PROBLEM TO SOLVE —
All lines from the one containing "knorr-prandell-styroporkugeln-4cm-8E0DDEB51.jpg" through the final line of the records below should be reproduced exactly, with the pictures left out.

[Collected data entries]

########################################

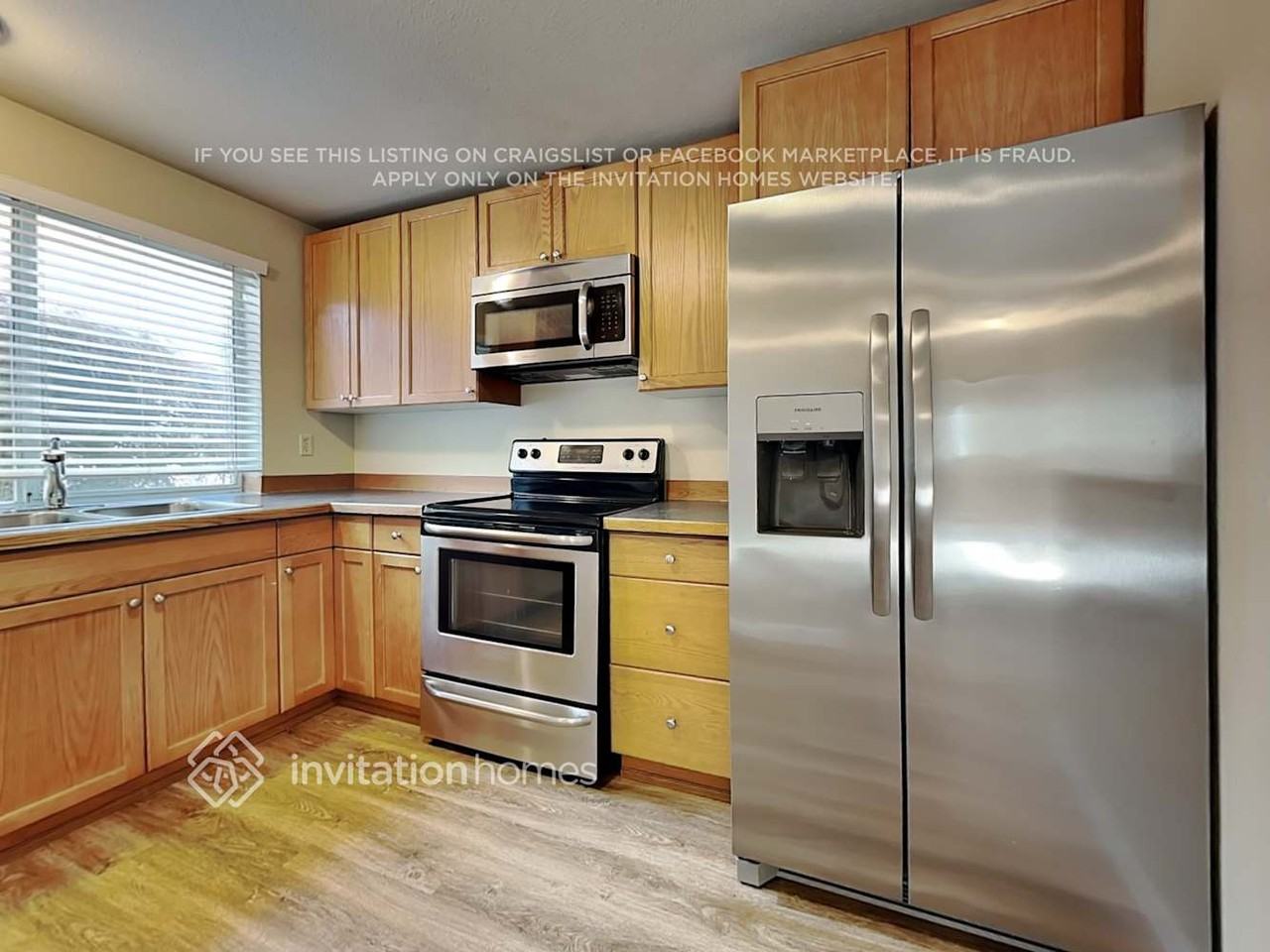 3113 57th Ave Ne - Photo 7 of 18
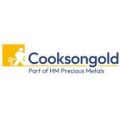 Cooksongold discount code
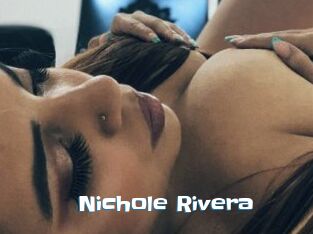 Nichole_Rivera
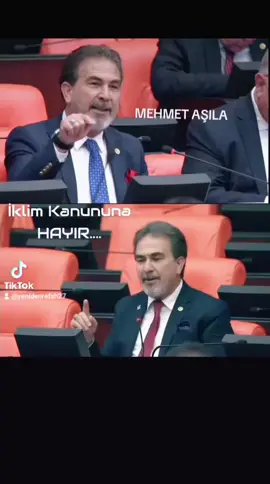 İKLİM KANUNU KÖLELİĞİ KABULDUR İKLİM KANUNUNA HAYIR.....! #bismillahirrahmanirrahim #yenidenrefah #yenidenrefah27 #yenidenrefahpartisi #iklimkanunu #asila 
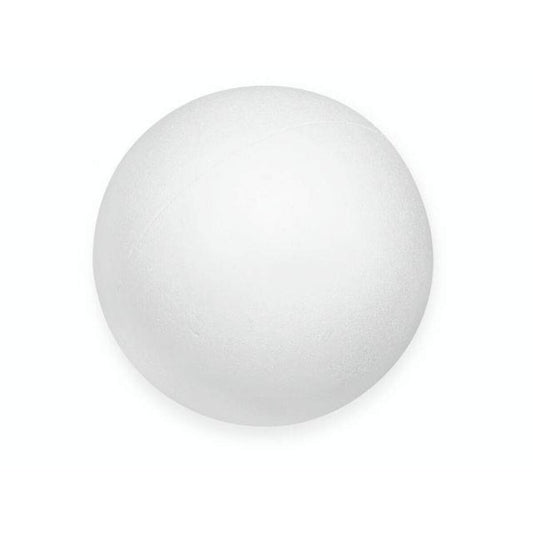 knorr-prandell-styroporkugeln-4cm-8E0DDEB51.jpg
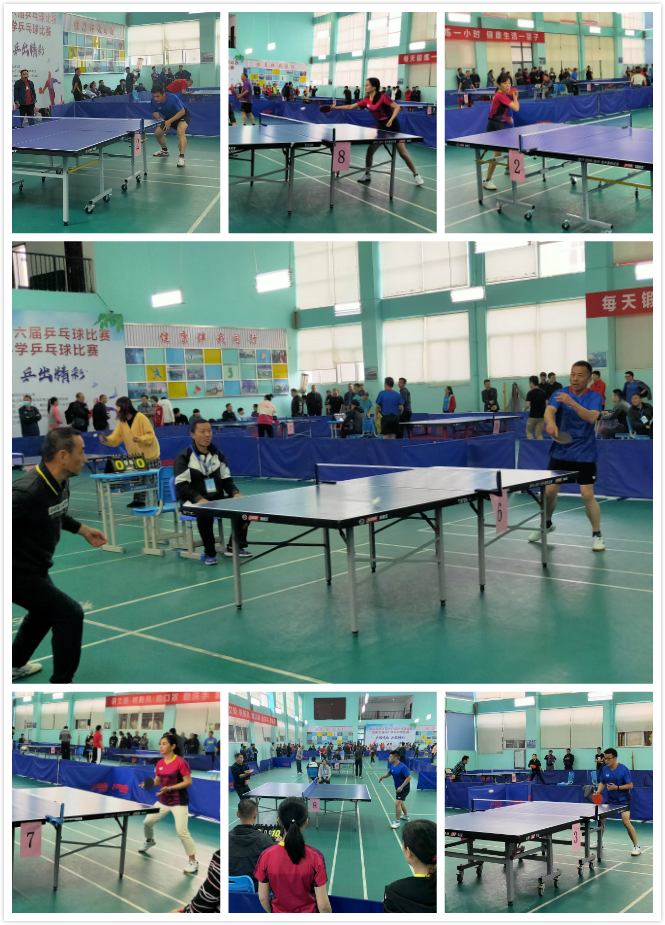 尝试调整战 尝试调整战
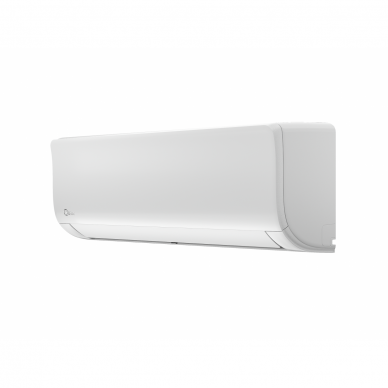 Midea Xtreme Save MSAGBU-12HRFN8-QRD1GW(GA) komplekte MOX230-12HFN8-QRD6GW 4 Midea Xtreme Save MSAGBU-12HRFN8-QRD1GW(GA) komplekte MOX230-12HFN8-QRD6GW 4
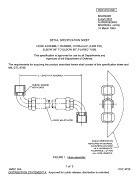 MIL MS28924B PDF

########################################

WRITTEN REPLY —
 knorr-prandell-styroporkugeln-4cm-8E0DDEB51.jpg
 尝试调整战 尝试调整战
 Midea Xtreme Save MSAGBU-12HRFN8-QRD1GW(GA) komplekte MOX230-12HFN8-QRD6GW 4 Midea Xtreme Save MSAGBU-12HRFN8-QRD1GW(GA) komplekte MOX230-12HFN8-QRD6GW 4
 MIL MS28924B PDF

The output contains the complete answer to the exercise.